Community members, government officials and medical professionals gathered last week in Madison, Miss. to discuss addiction recovery resources and prevention measures.
The event, known as the Opioid and Heroin Mississippi Drug Summit, was held at Broadmoor Baptist Church. The summit was made possible through a partnership among the Mississippi Department of Health, the Attorney General’s office and other state agencies and addiction treatment centers.
Speakers included the state Attorney General and a representative from the Drug Enforcement Agency.
The two-day summit included drug education courses, such as ‘the Intersection of Sex Trafficking and Heroin and Opioid Abuse,’ as well as sessions on prevention efforts and addiction treatment resources available for individuals with substance use disorders. Other presentations focused on medication-assisted treatment and chronic pain treatment alternatives.
Those in attendance were able to earn up to 13 continuing education credits for participating in the summit.
In addition to the key speakers, the summit included a free forum open to the public where local residents had the opportunity to learn how to recognize drug use among family members. The workshop also gave attendees the chance to listen to a clinical consultant specialized in assisting families through the treatment process as wells as stories of addiction recovery. Additional staff were available to answer questions the public had and connect them to local addiction treatment resources.
Other sessions included naloxone certification training and a panel discussion.
Overprescribing addictive drugs has been a constant concern for state medical professionals.
Prior to the summit, the director of Mississippi’s Department of Mental Health’s (DMH) Bureau of Alcohol and Drug Services stated that approximately 10 percent of Mississippi residents misuse prescription medications.
According to preliminary data from the Mississippi Opioid and Heroin Data Collaborative — a partnership among the Mississippi Board of Pharmacy, Bureau of Narcotics, Department of Health and DMH — nearly 3,303,000 opioid prescriptions were written by state physicians during 2017. That averaged more than 9,000 prescriptions per day.
In the same year, there were 256 suspected overdose deaths in the state. Opioids were believed to be responsible for nearly 68 percent of those deaths. Madison serves as the seat of Madison County. While Madison County reported seven drug overdose deaths, it was among the top five counties in the state to administer naloxone.
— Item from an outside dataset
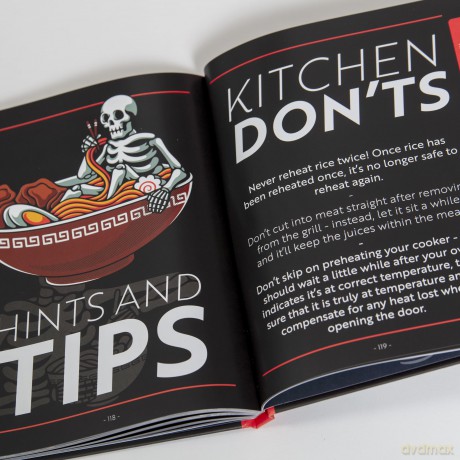 Broke Bites: Tips, Tricks and Recipes for Cooking on a Budget - Bee Three Books [KSIĄŻKA]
The state Attorney General lamented how state government officials have cut funding for addiction recovery programs.
According to a 2016 Mississippi budget recommendation report for fiscal year 2018, state support funds for public health and hospitals were projected to be cut by more than $1 million.
Gov. Phil Bryant declared the opioid epidemic a state of emergency in Mississippi in August 2017. In response, the Opioid and Heroin Study Task Force recommended a set of actions which the governor placed into effect. The actions included training police officers to administer naloxone; creating protocols to monitor, report and limit the prescribing of opioids; and having medical examiners collect pharmaceuticals from the scene of a drug overdose-related death and deliver them to law enforcement officials for disposals.
While promoting the recent summit, the Attorney General stated that the educational aspect of the event could potentially save lives.